Mort de Suzanne Flon, une grande comédienne à l'éclat sans apprêt
PARIS (AFP) - Suzanne Flon qui vient de mourir brutalement à 87 ans à Paris, fut au long d'une carrière de quelque soixante ans surtout au théâtre, mais aussi au cinéma, une comédienne d'une finesse naturelle qui lui assurait un éclat sans apprêt.
Alors qu'elle n'avait pas suivi d'études traditionnelles d'art dramatique, c'était, aux dires de ses camarades une artiste authentique dans la mesure où elle était, au cours des répétitions, longtemps insatisfaite et peinait à trouver son personnage, afin de donner une réalité à l'image idéale qu'elle s'en faisait. Le résultat était un jeu tout de franchise, simple et fort.
Suzanne Flon était née le 28 janvier 1918 au Kremlin-Bicêtre (Val-de-Marne), dans un milieu modeste où l'on ne songeait pas au théâtre, mais une institutrice lui apprit à bien dire les vers et lui donna surtout le goût de les réciter.

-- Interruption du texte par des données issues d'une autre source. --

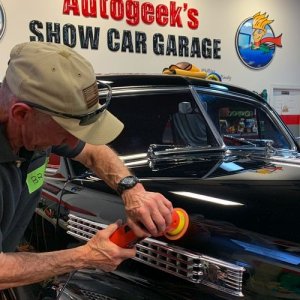 Make money ceramic coatings car detailing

Il lui fallut, après des tentatives malheureuses, une expérience d'interprète d'anglais au magasin du Printemps, attendre ses 20 ans pour tenter sa chance et entrer dans le monde du spectacle. Elle devint la secrétaire d'Edith Piaf, puis speakerine de music-hall hall et notamment présenta à l'Etoile à Paris une revue dont Mistinguett était la vedette. Cette meneuse de revue, racontait-elle, me faisait passer dans les tableaux et me disait : "ça t'apprendra à marcher".

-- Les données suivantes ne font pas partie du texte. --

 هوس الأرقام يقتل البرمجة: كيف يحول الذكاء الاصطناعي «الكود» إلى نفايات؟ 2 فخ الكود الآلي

C'est en tournée qu'elle commença vraiment une carrière de comédienne dans des sketches de variétés auprès de Dandy. "Je chantais aussi, ajoutait-elle, faux et j'avais à dire un poème contre la guerre et j'y mettais tout mon coeur". D'autres expériences suivirent après la rencontre qui fut capitale pour sa formation de comédienne avec Raymond Rouleau en 1943 pour "Le survivant" de Jean-François Noël à la Comédie des Champs-Elysées.
La liste est ensuite impressionnante des pièces aux registres les plus divers auxquelles elle attacha son nom, certaines étant considérées comme des réussites.

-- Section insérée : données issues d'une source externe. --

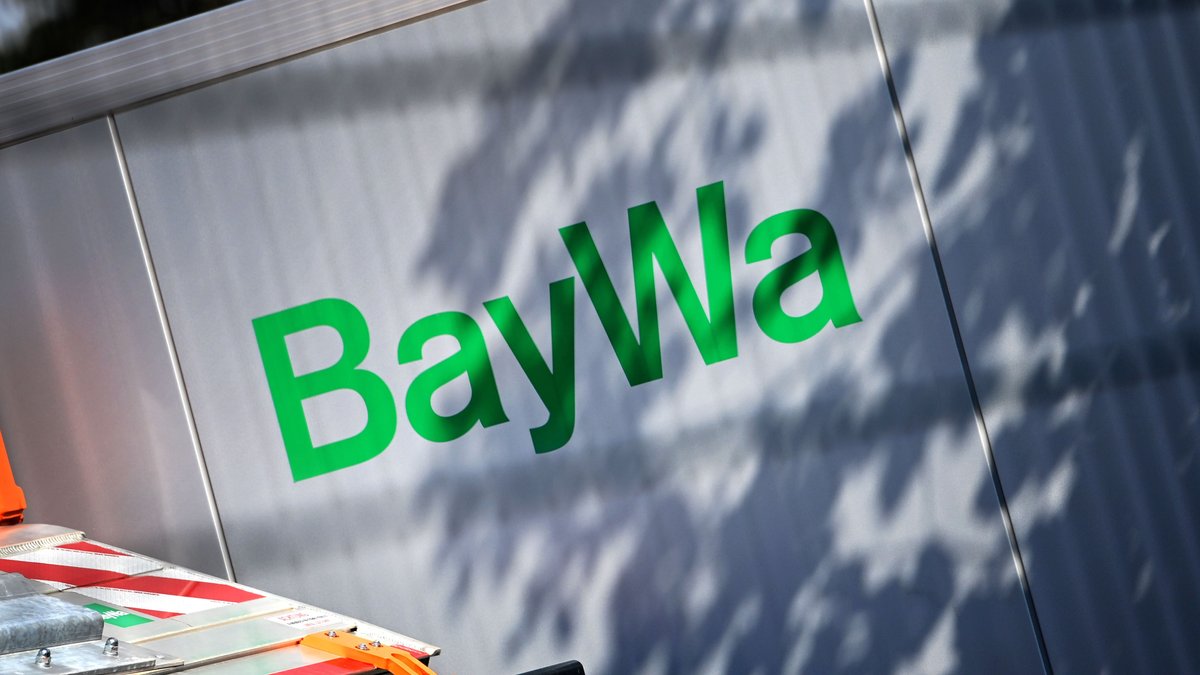 Schuldenberg und rote Zahlen: Krise bei BayWa verschärft sich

Le théâtre alors triomphant de Jean Anouilh à la fin des années 40 et dans les années 50, lui doit beaucoup. Elle créa ainsi Ismène de son "Antigone", son "Roméo et Jeannette", son "Alouette", longtemps son rôle préféré avec celui du "Mal court" d'Audiberti dès 1947. La même année, elle avait joué aussi "La petite hutte", la comédie d'André Roussin. En 1960, elle surprenait dans "De doux dingues", une comédie burlesque de Michel André dont l'interprétation était "tuante" racontait-elle, "parce que le genre réclame non seulement de la vitrosité, mais aussi de la sincérité".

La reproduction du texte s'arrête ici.